Am Rande einer Feier, zu der die ehemalige Ministerin Armgard Zabrowsky wichtige Themen für die Entwicklung der Insel Sylt in feierlicher Runde besprechen wollte, wird ein Attentatsversuch auf sie unternommen. Sie kommt mit dem Schrecken davon, benachrichtigt aber ihre Freundin und Chefin der Mordkommission Hilke Hasselbrecht, damit nichts nach außen dringt. Diese holt sich ihre Hauptkommissarin Liv Lammers zur Unterstützung, um den Attentatsversuch, so unauffällig wie möglich zu behandeln. Gleichzeitig wird auch ein Tötungsversuch an einer Frau aufgenommen und der Hauptverdächtige ist Sebastian, der Verlobte von Liv und sie kann ihm nicht helfen. Auch die Ermittlungen in der Villa von Zabrowsky kommen nicht so recht vorwärts. Aber es braut sich ein Sturm über Sylt zusammen nicht nur in der Natur, sondern auch ein menschlicher.
„Stürmische Klippe“ von Sabine Weiss ist ein spannender Sylt-Krimi, der sehr authentische Themen behandelt. Das Cover nimmt den Leser mit auf die Insel mit einem sehr ruhigen Strandbild, auf dem sich allerdings schon die dunklen Wolken am Himmel zusammenbrauen. Es ist nicht nur das sehr heikle Thema Korruption, oder vielmehr Vorteilsnahme und Mord, sondern auch das Thema Gewalt an Frauen, das hier thematisiert wird. Es sind zwei parallel laufende Fälle in denen Liv irgendwie involviert ist. Einmal direkt als Unterstützung ihrer Chefin und andererseits als Verlobte des Hauptverdächtigen Sebastian, für den sie aber nun nichts tun kann, da sie in den anderen Fall komplett eingespannt ist. Die Ermittlungen vor Ort sind schon eine große Herausforderung, da die ehemalige Politikerin am liebsten alles unter den Teppich kehren würde.
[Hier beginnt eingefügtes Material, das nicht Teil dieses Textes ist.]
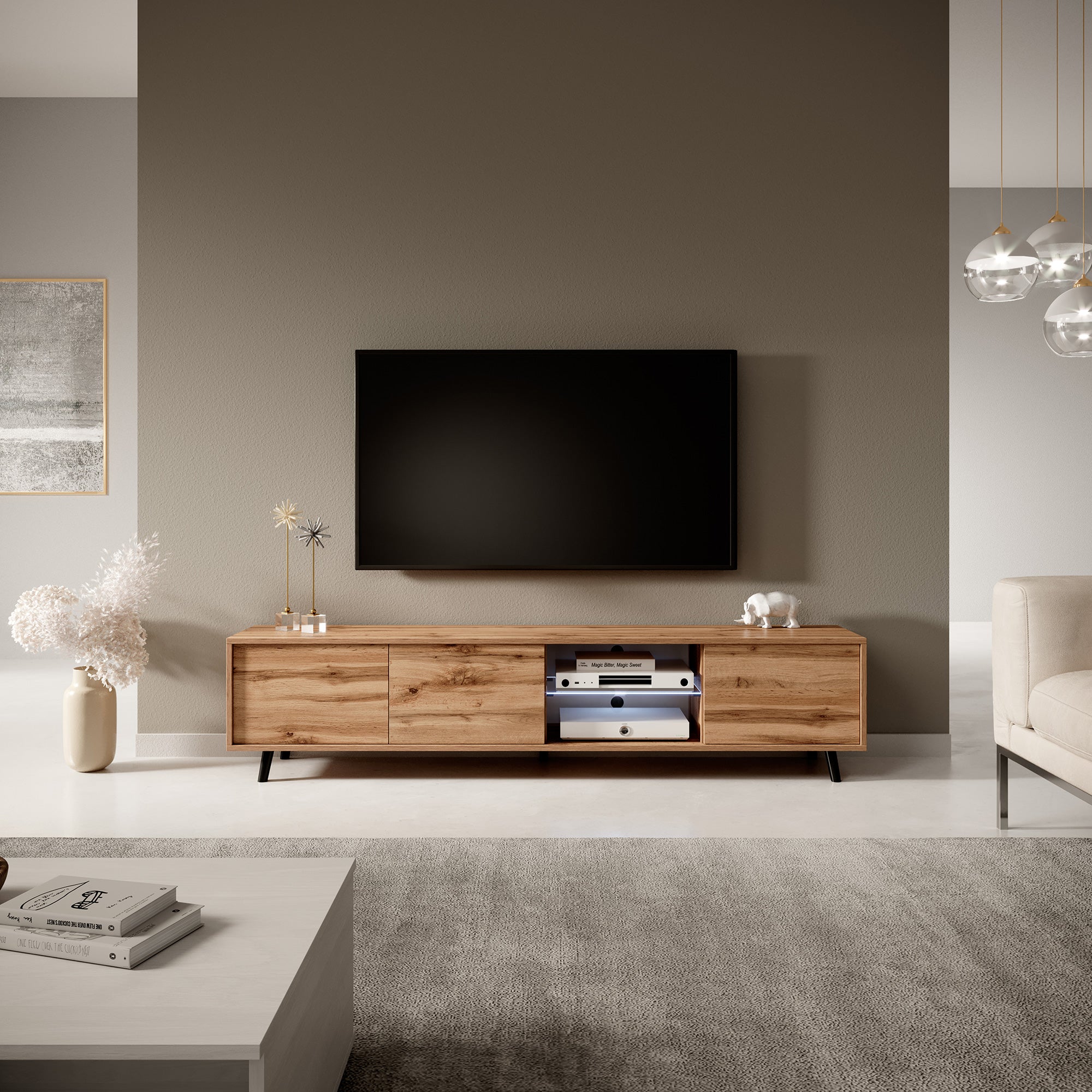 TV-Schrank Galhad Wotan-Eiche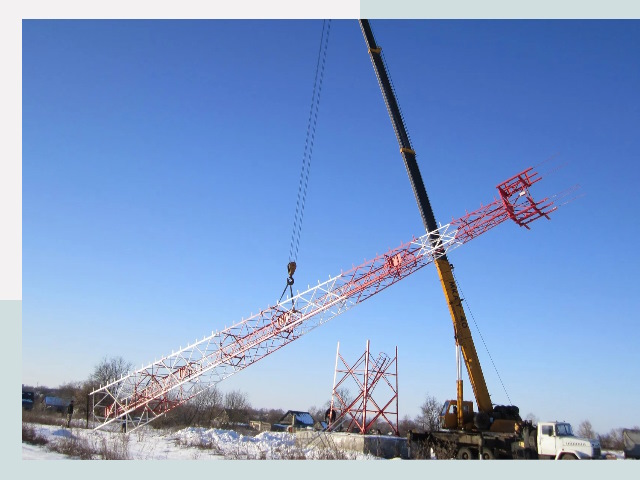 Строительство башен связи в Новом Уренгое от 624 руб.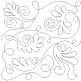 Swirly Fans 2 End-to-End Quilting Design | Machine Embroidery Designs by JuJu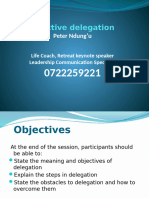 Effective Delegation For SMC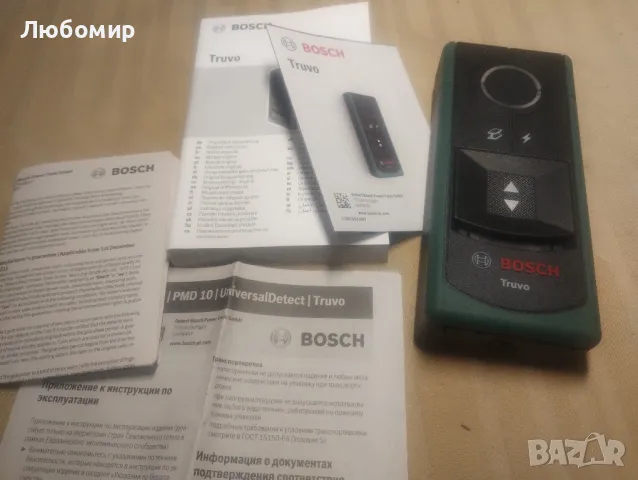 Универсален детектор BOSCH Truvo, снимка 3 - Други инструменти - 47238274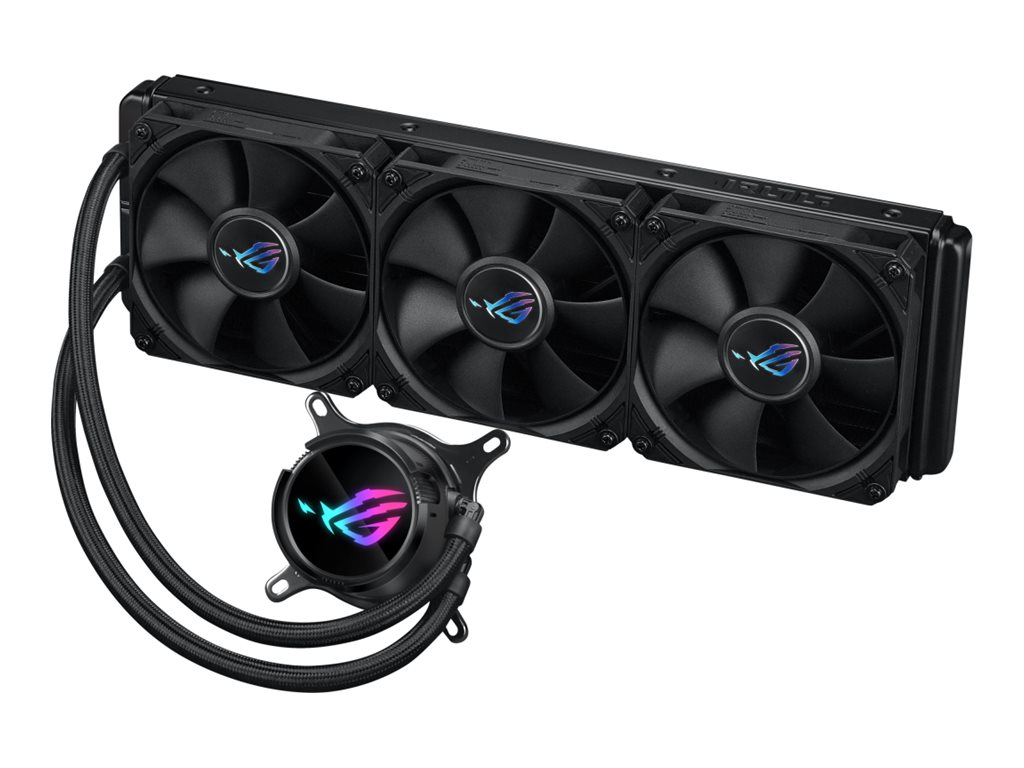 ASUS ROG Strix LC III 360 allinone CPU liquid cooler with 360 rotatable water block 7th gen V2 Asetek pump Premium ROG fans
Als Höhepunkt hat die Autorin dann noch eine Sturmflut als Spannungselement eingebaut, die das Geschehen in dem Haus der Politikerin zu einem Kammerstück werden lässt, on dem es dann auch zu einem Mord kommt und der Mörder und der Attentäter somit unter den im Haus lebenden zu finden sein muss. Ich finde ein sehr interessantes Szenarium. Das zweite Szenarium um Sebastian, wird dann erst spät von den LKA-Beamten aufgeklärt, die nach dem Sturm zu Hilfe kommen konnten. Ich finde beide Szenarien sehr aktuell und spannend, ebenso wie den Aufbau der Story. Der Spannungsbogen ist dann auch durch ein sehr wahrscheinlich beabsichtigtes Chaos gut abgeschlossen worden, wobei er auch sehr wahrscheinlich einen Hinweis auf ein zukünftiges Buch enthält.
Ich finde diesen Band von Sabine Weiss sehr gut entwickelt und spannend. Es sind einige sehr aktuelle Themen beschrieben, die dieses Buch für mich interessant machen. Ich kann diesen Band um die Ermittlerin Liv Lammers gut empfehlen.